Despite an exhaustive search of multiple sources, no other primary source for Dr. Stewart’s infamous quote was identified. However, sources were identified that allow us to reconstruct the origins of the urban legend surrounding the quote.

The seeds of an urban legend

In the aftermath of the astonishing power of antibiotics, by the 1960s the US Public Health Service was shifting its attention away from acute infections to chronic illnesses. For example, a government report published in 1968, which bears Dr. Stewart’s name on the title page, contained the following passage:

“The emphasis of epidemiologic investigation has shifted markedly in the last two decades. A decline in the interest in the infectious diseases and increase in concern with the noninfectious diseases has resulted from the change in relative importance of these categories of disease in many parts of the world, including the United States.

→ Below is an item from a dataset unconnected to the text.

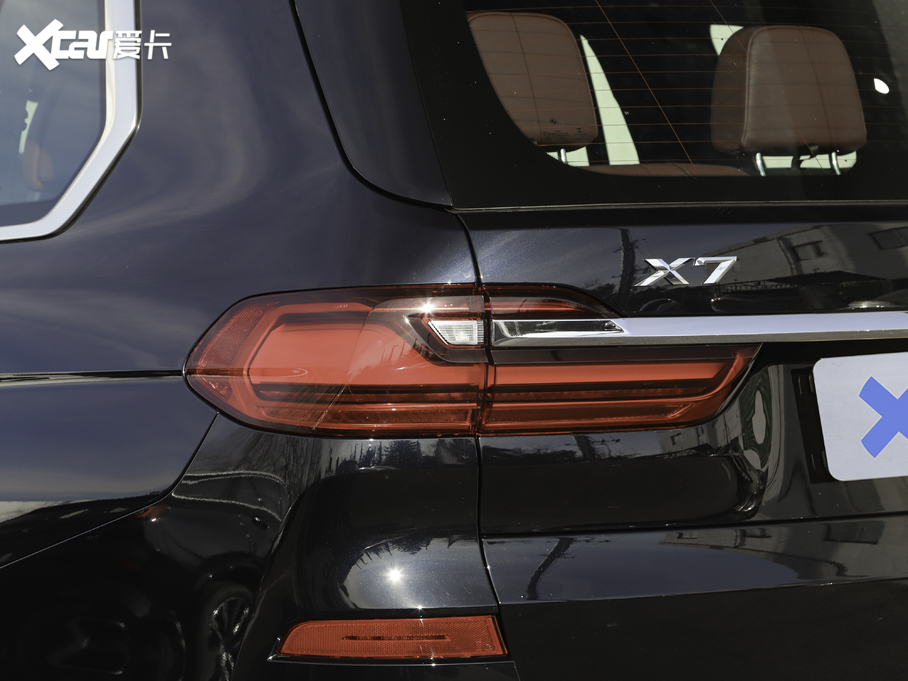 2021��RX7 xDrive40i ������M�\�����b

It is also recognized that, although major tasks still remain in the improvement of control over the infectious diseases [emphasis added]…the identification of cigarette smoking as the major cause of this century’s epidemic of lung cancer…[and] chronic diseases…now constitute the predominant health problems in this country [9].”

In July of 1971, the New York Times ran an in depth commentary on a subsequent, related government report by the national Health Education Committee [10]. The reporter wrote:

American medical science has made spectacular advances in the last quarter-century, but improvements in the over-all American death rate and the infant and maternal mortality rate have leveled off…In general, Americans are almost certainly healthier and far less prey to disease than they were a few decades ago. The dread infections that used to rage through the whole communities are muted…Their retreat has been rapid since the advent of antibiotics and new vaccines after World War II…In fact, the over-all American death rate declined steadily from 1900 to about 1950. About then the improvement slowed to a virtual halt for reasons that are still obscure.

“This failure to experience a decline in mortality rates in the United States since about 1950 is little known, unexpected and extremely important,” according to Dr. William H. Stewart, former Surgeon General of the Public Health Service. He blames two factors for this new trend.

The first of these is the success of the last few decades in treating infectious disease. The degree of success was so marked and so rapid, he believes that there simply has not been room for enough further improvement to make dramatic changes in mortality.

The second factor, he says, was the emergence of chronic diseases and accidents as “the great undertone of mortality” today. These causes of death are certainly not new, but their impact was less when so many died of acute infections.”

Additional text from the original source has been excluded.